Sunday, March 13, 2011

The Forgotten Garden

     No, I am not stuck in a garden rut.  The Forgotten Garden by Kate Morton is just another wonderful read with the word garden in it's title.

     This is Cassandra's story, but it is also the story of her Grandmother Nell.  Nell took Cassandra in as a child, giving her a true home and security that her mother never had.  When Nell passes away, Cassandra discovers that her grandmother had been found as a small child, alone on the wharf in Queensland, Australia clutching a book, not knowing who she was.  She was lovingly raised by a dock worker and his wife.  The granddaughter also finds that her grandmother had never stopped looking for her real parents.  After Nell's death, Cassandra continues the search.

     What we find in this book is the stories of three women and those stories connect, even to the end, in a forgotten garden in a Cornish village in England.  We learn all we need to know from three perspectives, in three time periods, carefully interwoven information, past and present.  Oh yes, and we also get a fairytale!  The mystery is not easily solved and kept me riveted to the end.

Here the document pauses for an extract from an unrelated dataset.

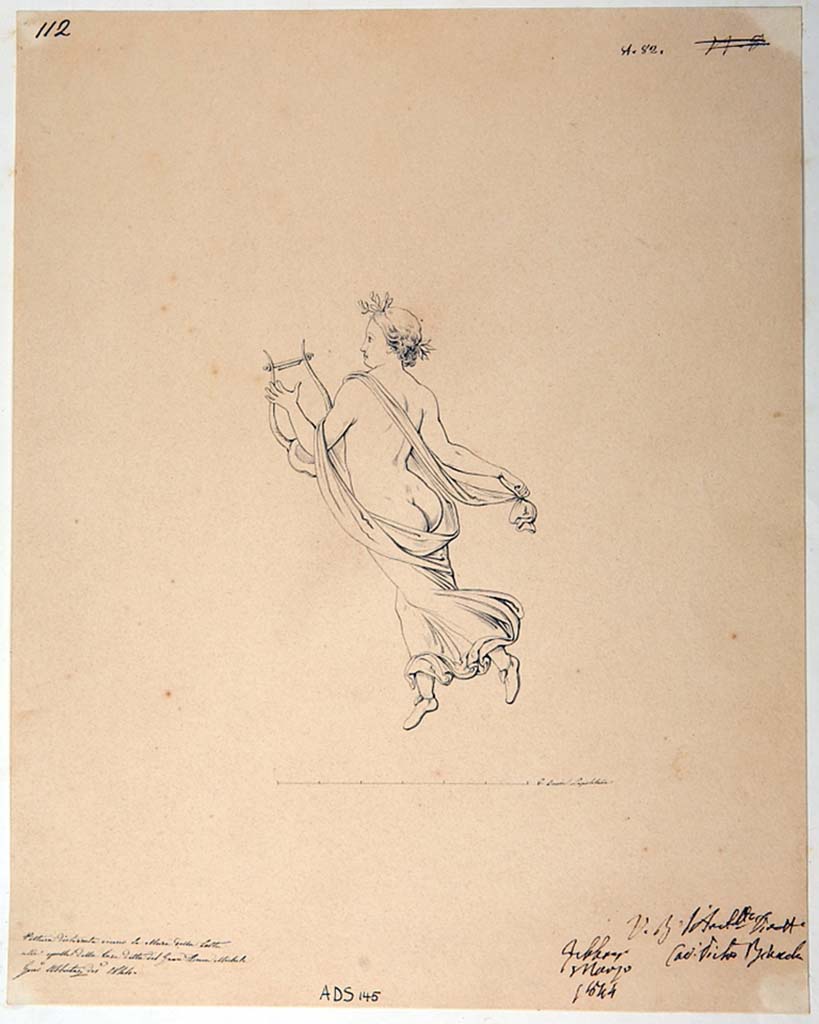 VI.5.3 Pompeii. Drawing by Giuseppe Abbate, 1844, floating figure with lyre, see no. 1933 as described by Helbig. 
Now in Naples Archaeological Museum. Inventory number ADS 145.
Photo © ICCD. http://www.catalogo.beniculturali.it
Utilizzabili alle condizioni della licenza Attribuzione - Non commerciale - Condividi allo stesso modo 2.5 Italia (CC BY-NC-SA 2.5 IT)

     Kate Morton's books, The House at Riverton and The Distant Hours, were equally as satisfying.

Monday, March 7, 2011

The Winter Garden

            Kristen Hannah never fails to make me cry, at least once, while reading one of her books.  As I read The Winter Garden, I actually sobbed!
 
This book retells the life of a Russian-born woman who suffered unbearable hardship in Stalinist Leningrad.  Meredith, her eldest daughter, must try to fulfill her fathers dying wish that she take care of her mother, not something she wants to do. In flash backs we find out, as do Meredith and Nina, why their mother has always behaved distant and cold to them.  We also see how this has shaped the daughters and affected their lives.
 
            I learned much about Russian history from this book, thanks to Hannah’s careful research. And, as always, each and every character came to life on the pages.

    A tearjerker, but I loved it.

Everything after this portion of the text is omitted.